И Версдорф находился не под, не за и не над Берлином. Он мною на карте был обнаружен под городом Дрезденом, совсем рядом с чешской границей. То есть на самом-самом юге Восточной Германии. Расстояние выглядело внушительно. Необходимо было преодолеть полстраны. Но делать было нечего. Надо было ехать в Дрезден.
На табло вокзала я поездов до Дрездена не обнаружил, но почти сразу подумал, что Берлин всё же не Кемерово и не Томск, в этом городе может быть несколько вокзалов. Тогда я купил карту железных дорог и железнодорожную схему Берлина. Вскоре я уже ехал в вагоне метро на Главный вокзал и был собой доволен.
Жарким вечером, в начале шестого, поезд до Дрездена отошёл от главного вокзала немецкой столицы и повёз меня на юг. Народу в вагоне было довольно много. Все спокойные, приятные, улыбчивые. Многие сразу достали газеты или книги.

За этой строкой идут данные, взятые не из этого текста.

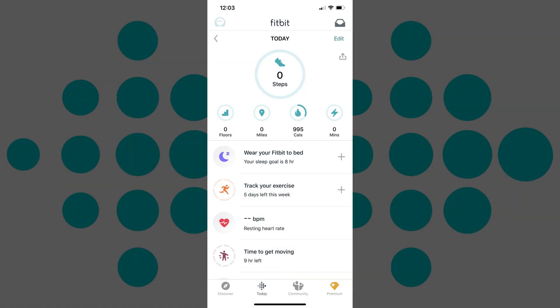Step 1. Launch the Fitbit app on your iPhone, iPad, or Android device. You'll land on the Fitbit Today screen.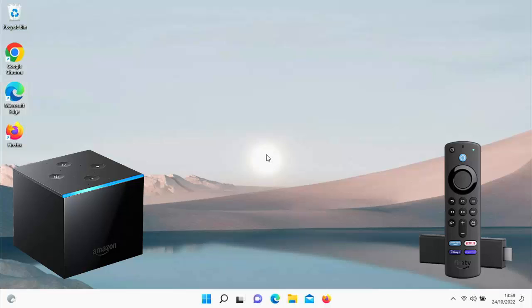This video shows you how to change the country that your Fire TV Stick or your Fire TV Cube was registered in. This would be handy if you've moved to a different country and you want to download apps that are more local to you at your new location, but are not able to because your Fire Stick is still registered to another country.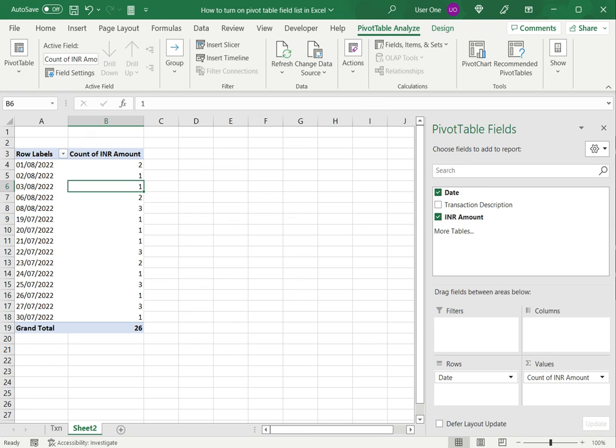This is how to turn on pivot table field list in Excel. Please read the appended article for further information. Thank you.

Привычный к гигантским расстояниям, когда если надо ехать из Кемерово поездом в другой город, то изволь закладывать на это минимум ночь, в Берлине я удивился тому, что вагоны до Дрездена были «сидячие», как в наших электричках и пригородных поездах. Я мысленно приготовился ехать сидя весь вечер и ночь.

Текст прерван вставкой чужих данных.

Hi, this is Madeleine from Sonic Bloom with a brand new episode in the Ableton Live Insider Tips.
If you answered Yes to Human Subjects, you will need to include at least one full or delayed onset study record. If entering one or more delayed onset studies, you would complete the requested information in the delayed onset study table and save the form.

По дороге я изучал возможности и пути, по которым можно было добраться из Дрездена до Версдорфа. Железная дорога мне была привычнее всего.

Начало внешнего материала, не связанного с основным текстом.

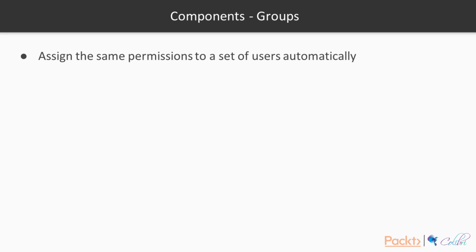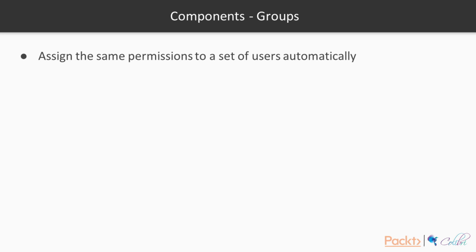Groups. You can assign the same permissions to a set of users automatically. For example, once the user is part of the group, they will inherit the permissions associated with the group. An example is creating new tables in DynamoDB. If users of a certain group have the permission to create new tables in DynamoDB, all of the subsequent users that are assigned to this group are going to have this permission, unless they are explicitly denied to do so.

Каково было моё удивление, когда менее чем через три часа пути на одной из станций все люди разом вышли из вагонов. Я глянул в окно, увидел большое здание вокзала и табличку на перроне с надписью «Drezden».
Часов в десять вечера я сел на пригородный поезд и поехал в ближайший к населённому пункту Версдорф город под названием Бишофсверда. Поезд тот шёл медленно, через каждые десять минут останавливался на станциях. За окнами было темно, и вскоре в вагоне, да и во всём поезде я остался один. Поезд состоял из трёх вагонов, как игрушечный.
На станции Бишофсверда ни одного человека ни на перроне, ни в крошечном здании вокзала, ни на привокзальной площади я не увидел. В ближайших домах не горело ни единого окна. Поезд, на котором я приехал, ушёл, и наступила полная тишина. Благо здание вокзала было открыто. В маленьком зале горел свет. Все двери, кроме туалета, были заперты. Но всё же в зале стояла длинная скамейка, в туалете был унитаз и умывальник, в умывальнике была вода.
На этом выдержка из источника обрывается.